The necessary effect of a trial de novo on the record made before the Commission would be just what the Supreme Court said long ago in U. S. v. L. & N. R. R. Co. (235 U. S. 314, 321) would be the effect if it were to sustain the view of the Commerce Court that it had the power to set aside a finding of the Interstate Commerce Commission. It said that under such a power the Commission “would become but a mere instrument for the purpose of taking testimony to be submitted to the courts for their ultimate action." Since Dean Stason has stated here that the preponderance rule for appellate purposes will operate to produce a trial de novo on the testimony taken before the Commission, it follows that under it the Federal Trade Commission would become a mere instrument for the purpose of taking testimony to be submitted to the courts for their ultimate action."
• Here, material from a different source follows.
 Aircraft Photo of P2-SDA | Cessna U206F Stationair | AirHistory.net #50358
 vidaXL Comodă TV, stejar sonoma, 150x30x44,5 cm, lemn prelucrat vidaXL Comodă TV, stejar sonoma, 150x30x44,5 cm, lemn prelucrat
That then is the ultimate issue, whether Congress wants to reduce the power and functions of this Commission to that extent, just as in earlier years the railroads wanted the power and functions of the Interstate Commerce Commission reduced. The issue is whether what the Supreme Court referred to in the L. & N. case as “the progressive evolution of the legislative purpose” is here to be replaced by a regressive involution of the legislative purpose that Congress expressed in the original act of 1914 and reaffirmed in the Wheeler-Lea amendment of 1938. Do we want to put this Commission in the same helpless position that the Interstate Commerce Commission occupied in its earlier years because the courts sought to determine what was the preponderance of the evidence ?
The majority of the Attorney General's Committee on Administrative Procedure in its 1941 final report, discussing the proposal to give appellate courts the power to weight and determine the preponderance of evidence, made this observation:
If the change would require the courts to determine independently which way the evidence preponderates, administrative tribunals would be turned into little more than media for transmission of the evidence to the courts. It would destroy the values of adjudication of fact by experts or specialists in the field involved. It would divide the responsibility for administrative adjudications (final report, p. 91).
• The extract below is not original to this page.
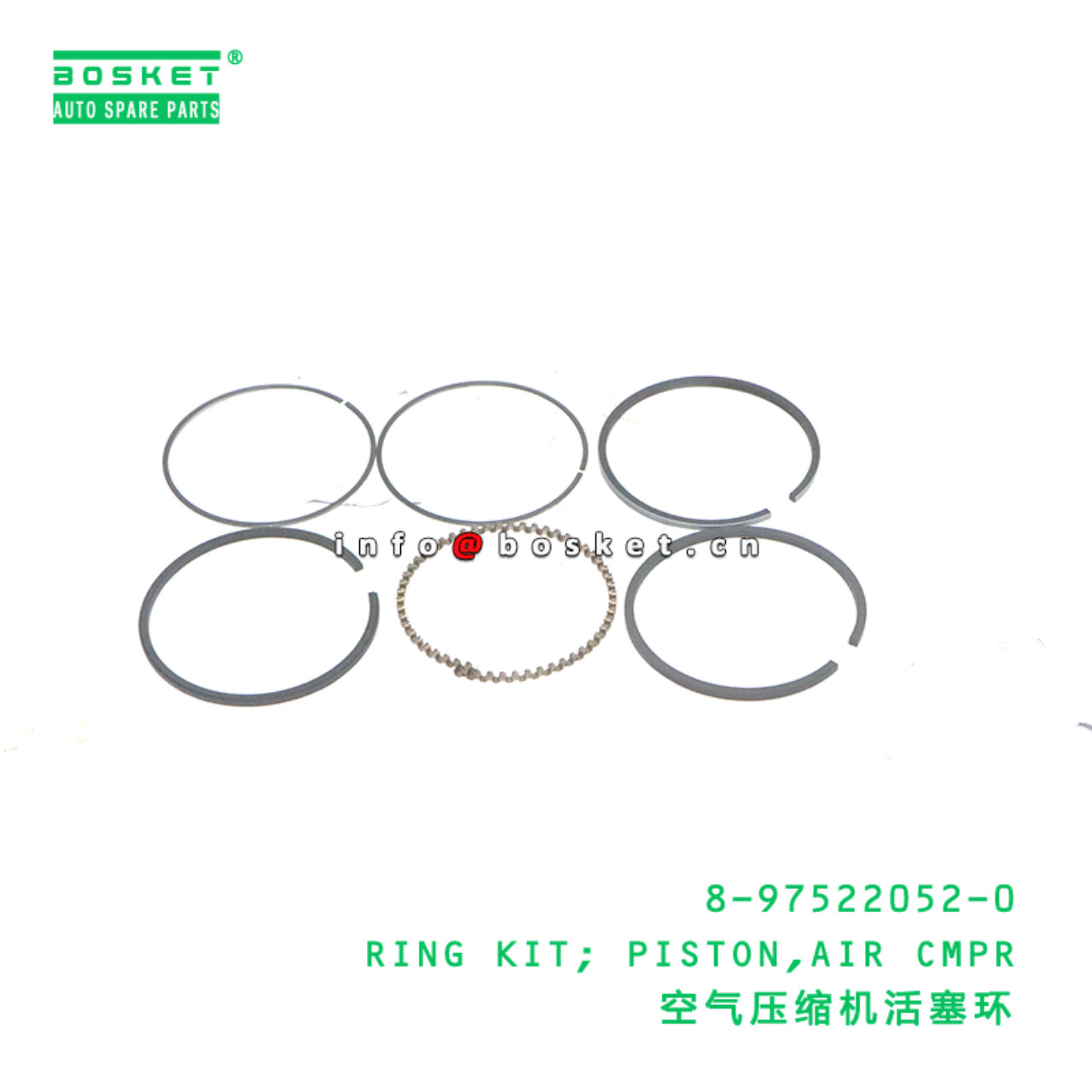 8-97522052-0 RING KIT; PISTON,AIR CMPR suitable fo...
The proposal to substitute the preponderance rule for appellate purposes is in effect a proposal to emasculate the administrative process by removing from it its vital and distinctive function as trier and finder of the facts. Unless it were for reasons that should have inhibited Congress from conferring such function upon the agency in the first place, there is no more reason to remove that function and transfer it to the appellate courts than to remove and transfer it from a trial court.
The Supreme Court in Mississippi Valley Barge Company v. United States stated:
The judicial function is exhausted when there is found to be a rational basis for the conclusions approved by the administrative body (202 U. S. 282 (1934)).